On the second floor are exhibited works dating from the 18th to the 20th century. In the first room we notice the Five Ovals by the painter Jacopo Cestaro from Bagnoli Irpino, which recovers the great artistic tradition of the late Solimena.
In the next rooms exhibit a valuable collection of 19th-century Neapolitan paintings with a few from the early years of the 20th century (L. Crisconio - E. Curcio). These works came into the possession of the Commune of Naples starting from the early years of the Unification of Italy to the period between the two World Wars.
The exhibition is organised on a theme basis: historical events, landscapes, views of the city of Naples, portraits of women and household episodes. Gioacchino Toma, one of the most important 19th-century artists, is represented by two canvases (Mass at home and A close examination of the Sant'Uffizio) which proove his skill at painting "interiors".
Michele Cammarano's Massacre of Altamura is an intensely dramatic narration of one of the bloodiest episodes of the Parthenopean Republic of 1799, the attack on the city of Altamura by Cardinal Ruffo's troops. One of the views of the city is particularly suggestive: an image of The old Naples by Vincenzo Caprile, whose verist style illustrates a scene of everyday life of a popular area near the present-day Piazza Borsa, before slum redevelopment was carried out.

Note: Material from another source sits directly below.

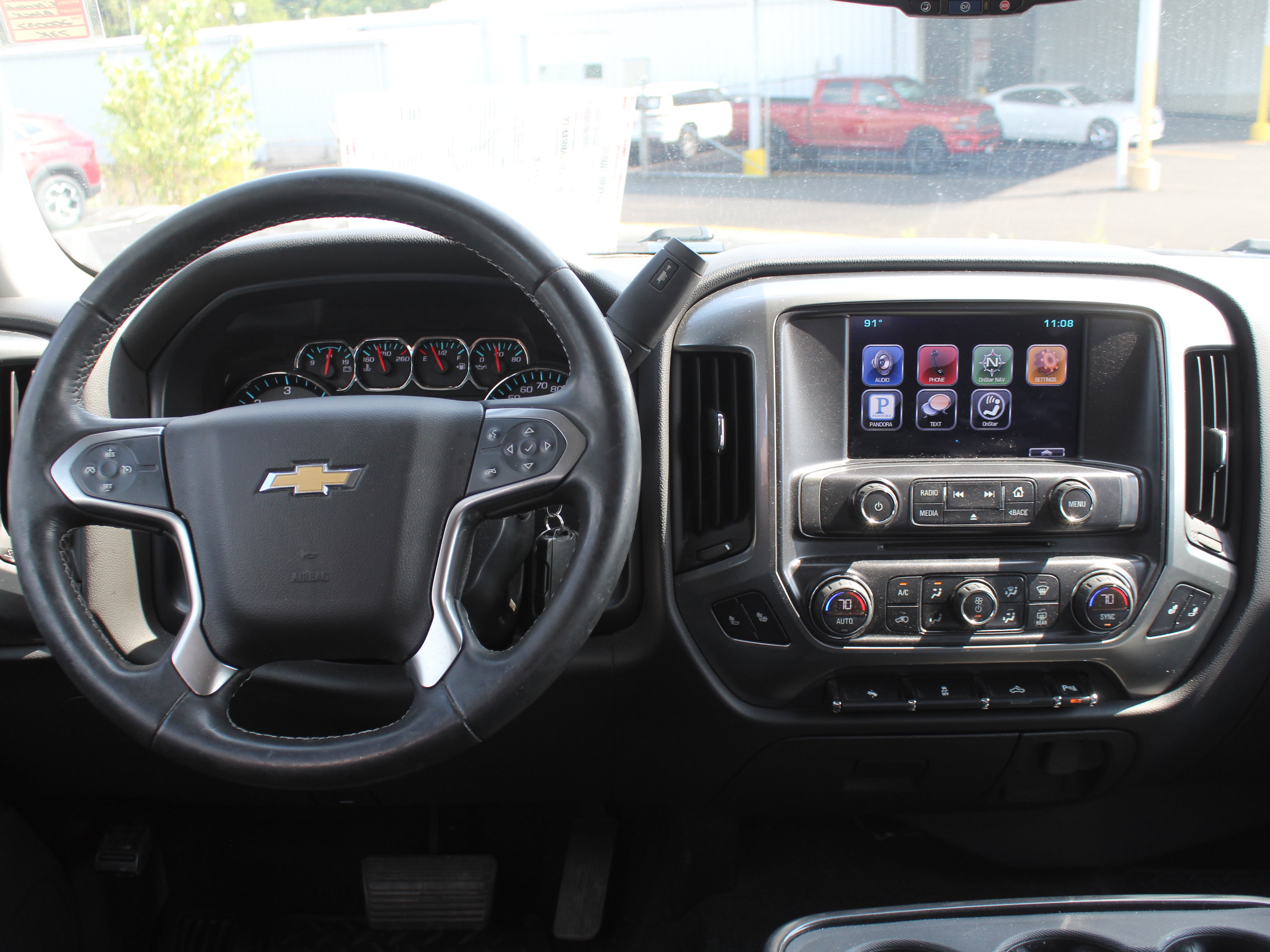 Used 2015 Chevrolet Silverado 1500 LT w/ LT Convenience Package AWD/4WD image 15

In the museum, there are also two sculptures by Vincenzo Gemito: one is a bronze, a copy of the famous Fisherman in the Bargello Museum in Florence; the other is a terracotta naturalistic figure of the sad condition of an adolescent orphan. In 1999 the Civic Museum acquired the section of busts given as a gift to the Commune of Naples by descendents of the Calabrian artist Francesco Jerace, an important Neapolitan sculptor of the second part of the 19th and the first part of the 20th century.